Little Red Hot drawn by Robert Pope

Rick Hunter and Lisa Hayes (from Robotech)
drawn by Jason Kochis

Thanks again, all, for making it such a fun event!

Tuesday, May 7, 2024

Adult Writers, Child Readers?


For our next roundtable, let's look at being child readers and how, if at all, that influenced us as writers. 

Were you read to when you were a toddler/young child? Do you remember favorites that you continued to read alone once you learned how?

Ef Deal: I wasn't read to, but I learned to read very young, three years. I read in secret by the wedge of light from the bathroom after bedtime. Then I found the town library was on my street and ripped through the children's section in six months. Got a library card before I was five. My dad was a reader -- of trash. 

Elizabeth Donald: I learned to read when I was three (or so I am told), so I don’t have strong memories of being read to, but I know I was. My earliest associated memories are of reading to my parents. In fact, I recall sitting next to my mother reading her a Berenstein Bears book and she suddenly stopped me and summoned my father. I had no idea what was going on and wondered if I’d done it wrong. 

Instead, my mother asked my father to please get the box of Nancy Drew books from the attic. They were her books from her own childhood, those older 1950s blue tweed covers with the silhouette of Nancy and her magnifying glass (which I do not recall appearing in any of the books.) Mom realized at whatever age I was -- 6, perhaps? -- that I was ready for chapter books. I dove into Nancy Drew and never looked back. 

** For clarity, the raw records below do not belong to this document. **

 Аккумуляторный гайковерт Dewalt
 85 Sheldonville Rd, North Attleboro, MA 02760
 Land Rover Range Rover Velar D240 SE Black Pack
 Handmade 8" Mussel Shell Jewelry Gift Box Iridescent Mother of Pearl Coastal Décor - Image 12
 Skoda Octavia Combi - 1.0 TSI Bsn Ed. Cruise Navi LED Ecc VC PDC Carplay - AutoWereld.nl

From there I discovered Judy Blume, Black Beauty and The Black Stallion, fought beside Johnny Tremain, explored the Mixed-up Files of Mrs. Basil E. Frankweiler, climbed My Side of the Mountain and attended Sweet Valley High. Then Lois Duncan introduced me to horror, which eventually led to swiping my mother’s Stephen King hardbacks which I wasn’t supposed to read but I left the dust jackets in their places so she wouldn’t realize they were missing. When Star Trek: The Next Generation premiered I was hooked into Trek, and started devouring every tie-in novel I could find. Then it was, “Hmm, I like this Peter David guy. I think I should see what else he’s written…”

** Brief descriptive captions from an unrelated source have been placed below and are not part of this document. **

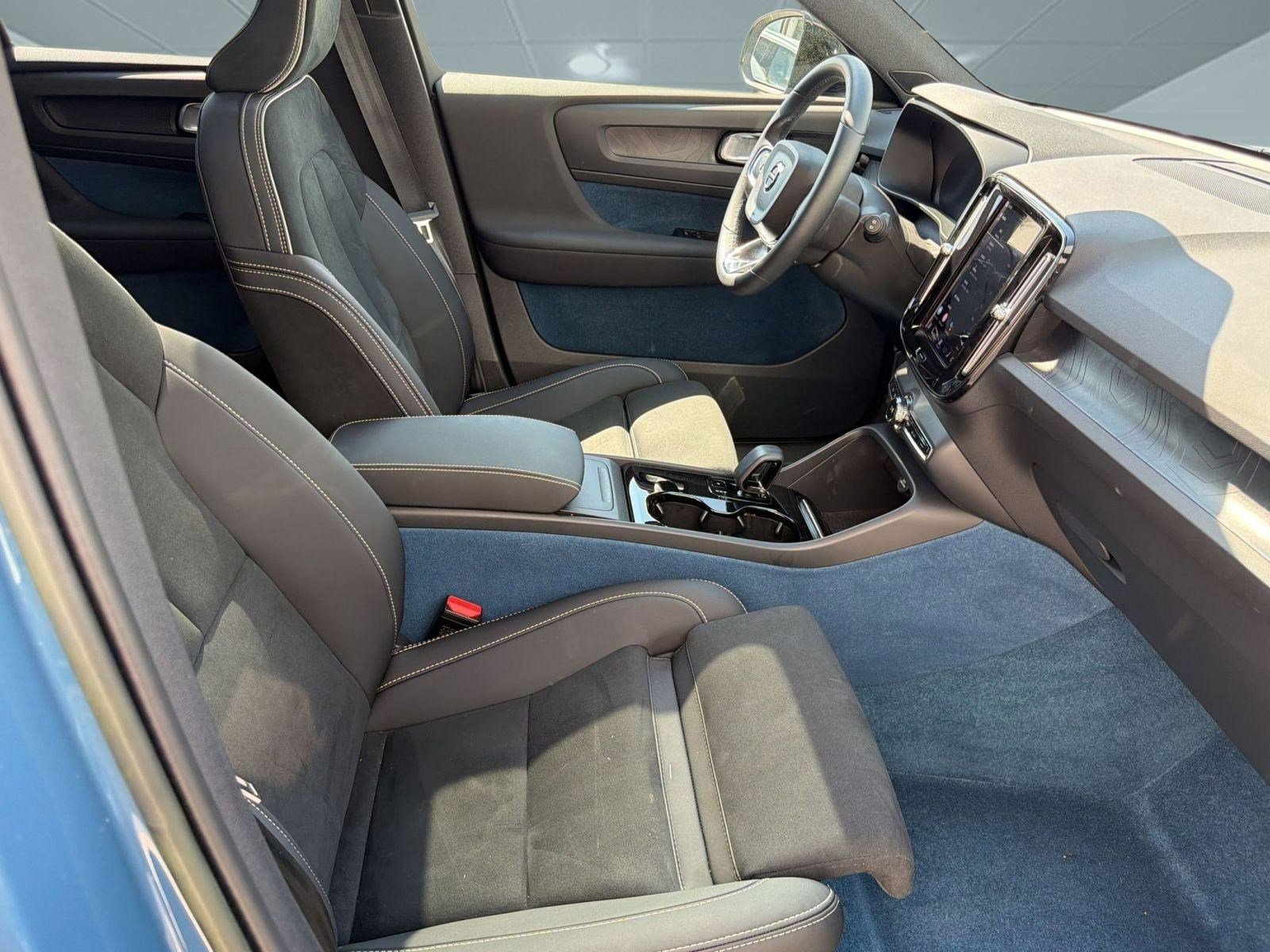 Certified 2023 Volvo XC40 Recharge Plus image 29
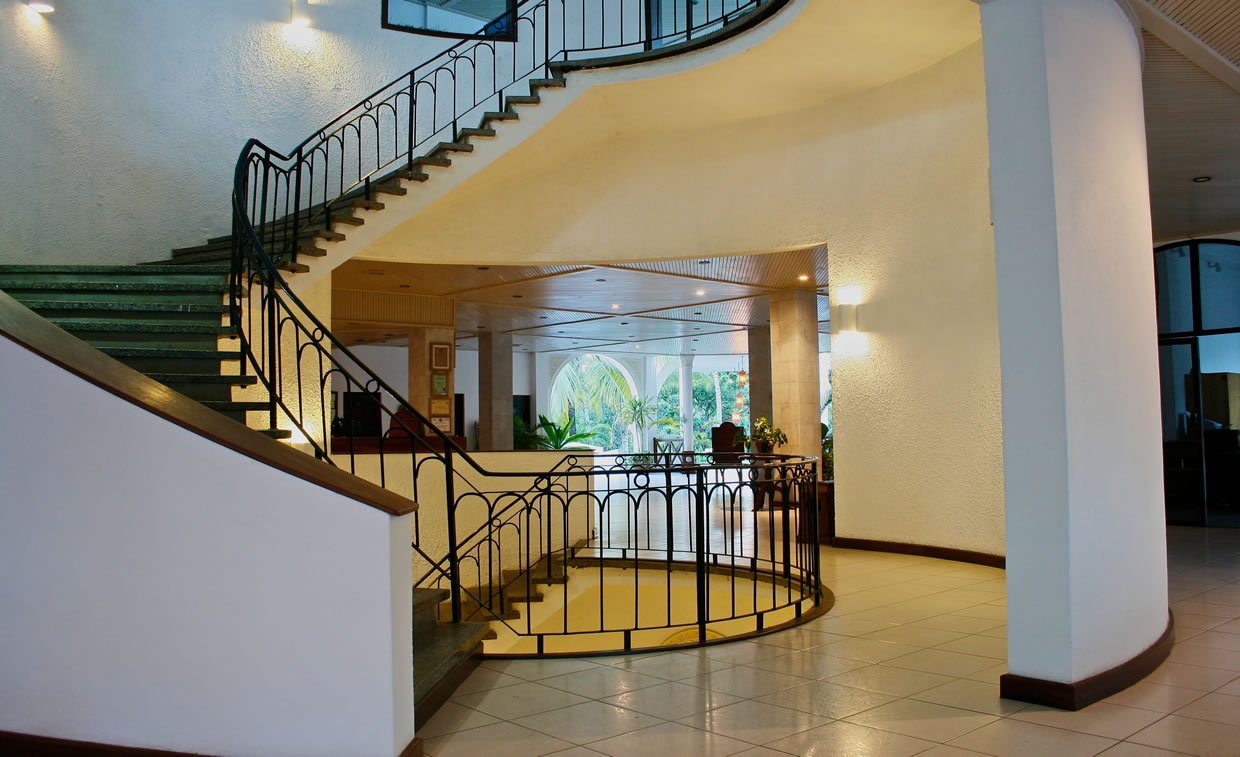 PLAZA BEACH HOTEL MOMBASA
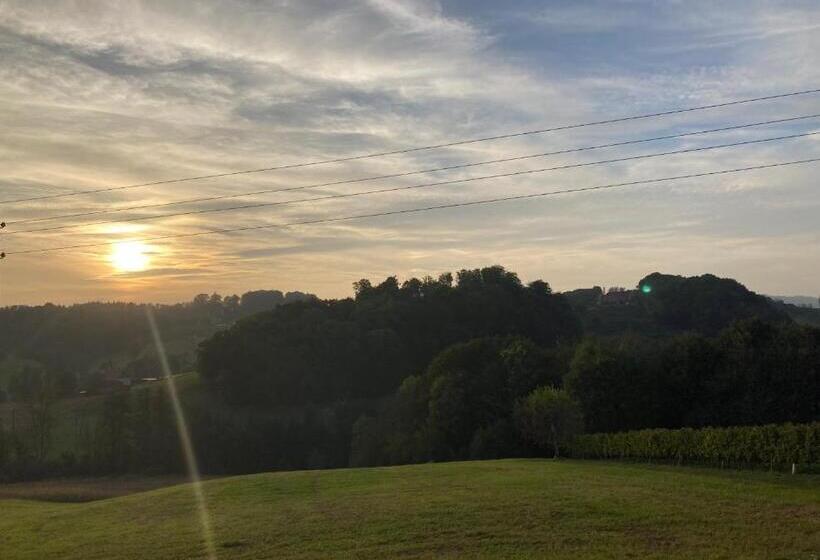 تختخواب و صبحانه Logis125 I Barbara Hofmann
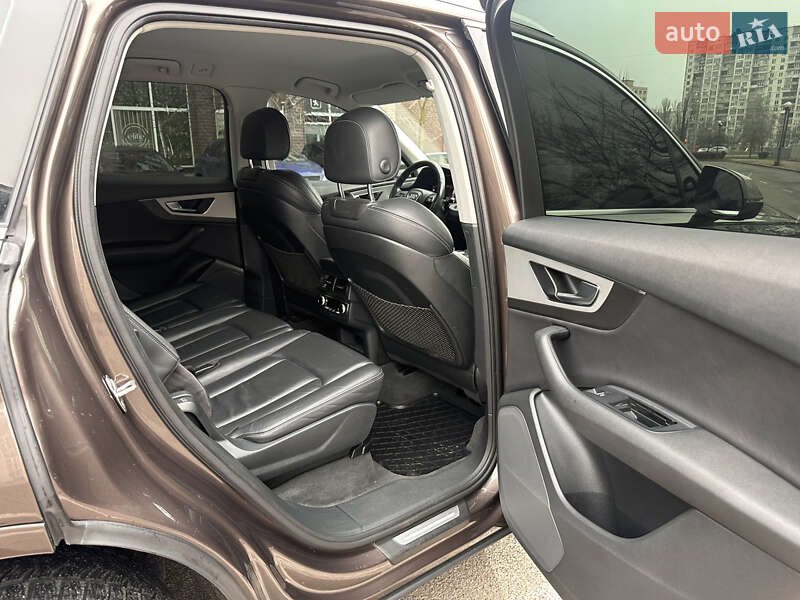 Внедорожник / Кроссовер Audi Q7 2017 в Киеве фото 11 Внедорожник / Кроссовер Audi Q7 2017 в Киеве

Jen Mulvihill: Yes absolutely, my mother read all the horse books to me, International Velvet, Black Beauty, Little Nick, all of them. Then she read all the Laura Ingles books to me. When I got older I started reading L. Frank Baum, I still have not read them all yet.

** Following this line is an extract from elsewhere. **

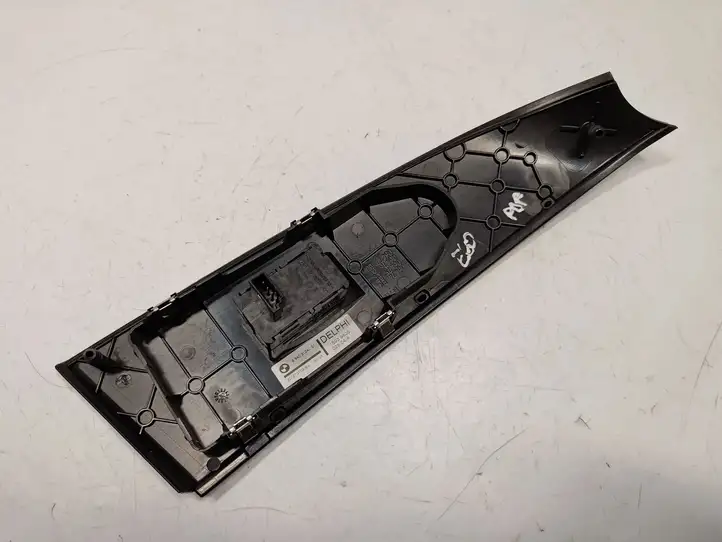 BMW 5 E60 E61 (2004 - 2010) 6940313 Кнопка стеклоподъемников — фото 2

Scott McCullar: I don’t remember my parents reading to me as a child. Perhaps my Mama did when I was a toddler, but I just do not remember it happening in my life. Instead, she would have conversations with me and would encourage me in my love for art. I know my Mama gave me the Little Golden Books before kindergarten. I think I was more infatuated with the illustrations.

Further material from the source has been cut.